Par ailleurs, la candidate du Rassemblement national a souligné qu'à ses yeux, ce dispositif correspondait à une "perte nette pour notre pays" et à la création d'une "préférence étrangère à l'emploi". Un constat avec lequel son adversaire tombe d'accord, une fois n'est pas coutume. Ceci dit, le président-sortant a rappelé que quitter cette "préférence nationale", revenait à signer "la fin du marché unique européen". "Vous ne pouvez pas dire, quand un Bulgare vient travailler en France, je veux qu'il paye ses impôts en France, et demander que nos travailleurs Français continuent d'aller en Allemagne et en Belgique. Car c'est ce qu'il se passe aujourd'hui".
Alors, qui dit vrai sur les chiffres ? Et combien de Français traversent les frontières pour aller travailler ? Nous faisons le point.
Pour rappel, le statut de travailler détaché, en place depuis 1996, désigne un salarié qui part travailler dans un autre pays européen durant une période limitée. Particularité de ce statut : les cotisations sociales payées par l'employeur correspondant au pays d'origine du salarié, et non au pays où il exerce son activité. Ce statut existe non seulement en Union européenne, mais aussi en Suisse, en Islande et en Norvège.

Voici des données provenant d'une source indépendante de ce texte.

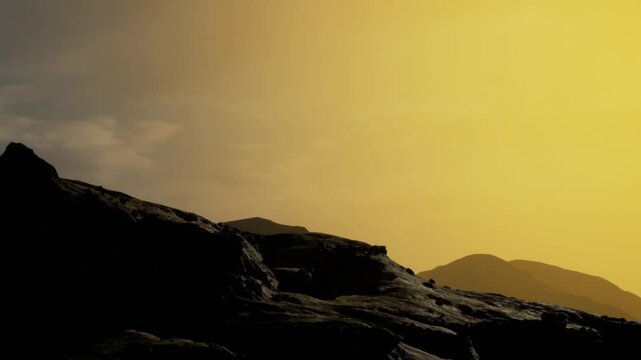A view shows rocks in the foreground with hills in the background. The sky changes colors as the sun sets above the landscape, creating silhouettes of the rocks and hills.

Or, selon le dernier rapport de la direction de l'Animation de la recherche, des Études et des Statistiques (Dares), 261.300 salariés ont été détachés au moins une fois en 2019. Un chiffre qui donne raison à Marine Le Pen. Cependant, Emmanuel Macron n'est pas réellement dans le faux. Dans son rapport publié en juin, la Dares souligne en effet que ce chiffre ne correspond pas à un emploi salarié complet, étant donné qu'une minorité de travailleurs restent dans l'Hexagone sur l'ensemble de l'année. Elle propose donc en parallèle une estimation du nombre moyen de salariés détachés travaillant "en permanence" en France. Et selon son évaluation, le nombre de travailleurs détachés correspond en moyenne sur l'année à "un volume d'emploi détaché de 72.600 salariés". Soit un peu plus que le chiffrage du candidat à sa réélection.
Quant aux nombres de Français détachés à l'étranger, il y en a eu 123.000 en 2019, d'après le Centre des liaisons européennes et internationales de sécurité sociale (Cleiss). Comme l'a souligné le locataire actuel de l'Élysée, ils se sont majoritairement rendus en Allemagne et en Belgique. Mais aussi en Espagne et en Italie.